Rings

The rings are built like an Armillary (ahr-mil-uh-ree) sphere with intersecting rings, spinning and twisting in numerous directions around its core, guiding me in both false and true paths, which is sometimes leaving me astray, and then back onto what I see as my path at different points in time in my life. Each of the rings is different in varying degrees of color which reflect what I am, and what I see in the world.  In its center has within it a point of clarity and focus that when touched can both raise me and tear at me at certain levels of epoch that has not only been used to create what I am, but also to destroy what I see in myself and for others to take advantage of.

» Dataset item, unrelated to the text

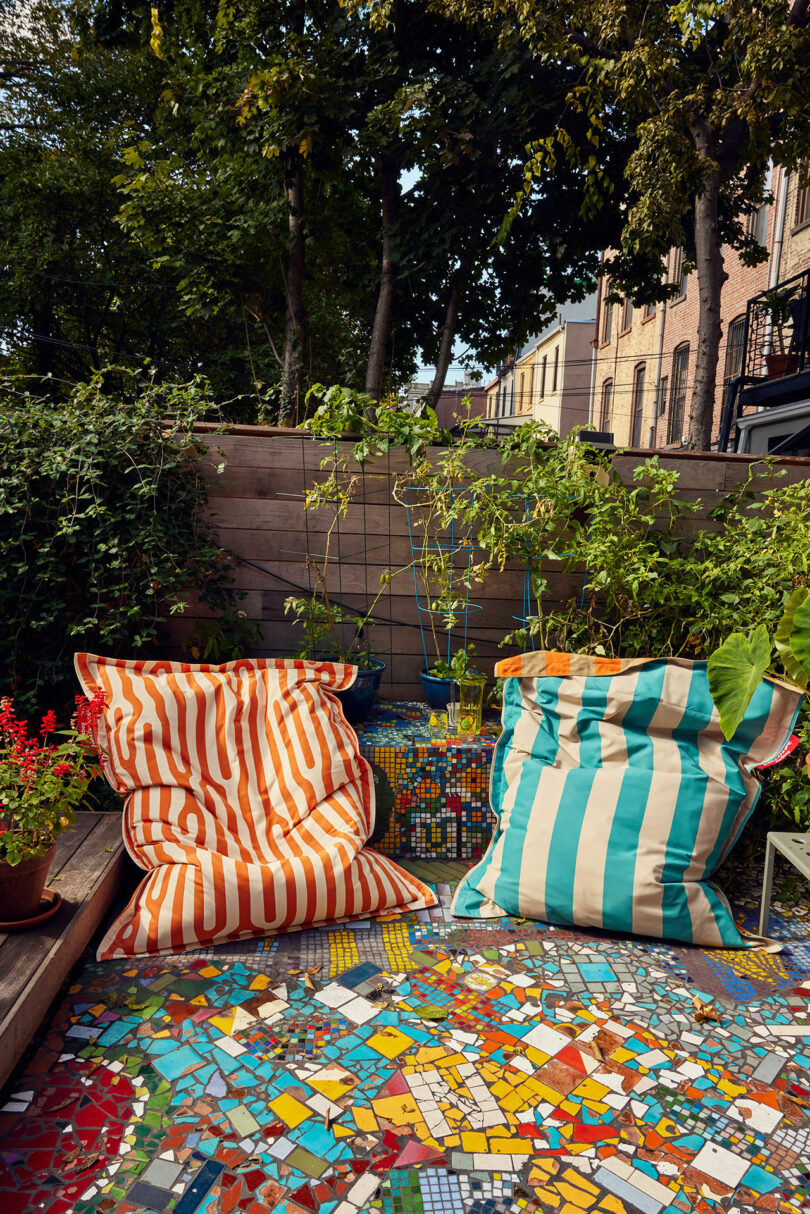 Two colorful bean bag chairs on a lively mosaic terrace, surrounded by plants and a wooden fence, with trees and buildings in the background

In those moments I have seen and felt pain that I cannot bear and yet continue to endure. This pain has become my natural state of being and one I both hate and love in a twisted way as to which I’m yet to understand or direct. This pain grows and envelopes me all at once and with an in unfathomable strength I don’t completely understand and sometimes I wonder if it is natural as I have no base-line to grade it off, let alone assess. I both accept and rejected it as there is no choice in the matter. For the life of me I am unable to let it go into the ether.  

At present the pain and of course anger is my outer shell and is not my true self, or what I am truly about. I’ve seen it throughout my life that those people of low substance and unclear views which came into my sphere’s influence do not see or understand this. They only see what they perceive is my true self.

In the deepest part of my core is something that I choose to hide from those that after a time were seen as unworthy to see it, or experience it. This decision I’m not yet sure of if it was the best option for my path, but it is a path nevertheless. This core is all I have left from everything I have lost and all that now sustains me. Now it’s helping me reacquire my heart, my strength and my mirror image. This center is made of what last fragments I have of love – not just for myself but for someone I wish to share it with, and those closest to me. Although the reality of the world viciously gores at it like a dark cloud— covering it with the worse traits that there could be. I continue to hold it and also give everything I have to maintain its structure and purpose. If it was to fail, I would end the now nearly empty shell.

This core isn’t only holding me together but also contains me in all forms and tribulations of development in my circle. Music is one of many sources of power I tap into, songs from the NeverEnding Story, Glory of Love, Hold onto the Vision, My Immortal and Love Exist. This is my core and I will give everything I have to keep it and I will not let anyone have it. Now I have reached the point where that will never happen as I no longer care for those that treated me like trash and to whom whose hearts are made of nothing but spite and ignorance of the lowest order among all of the human traits that anyone could have. They are many, but I am one.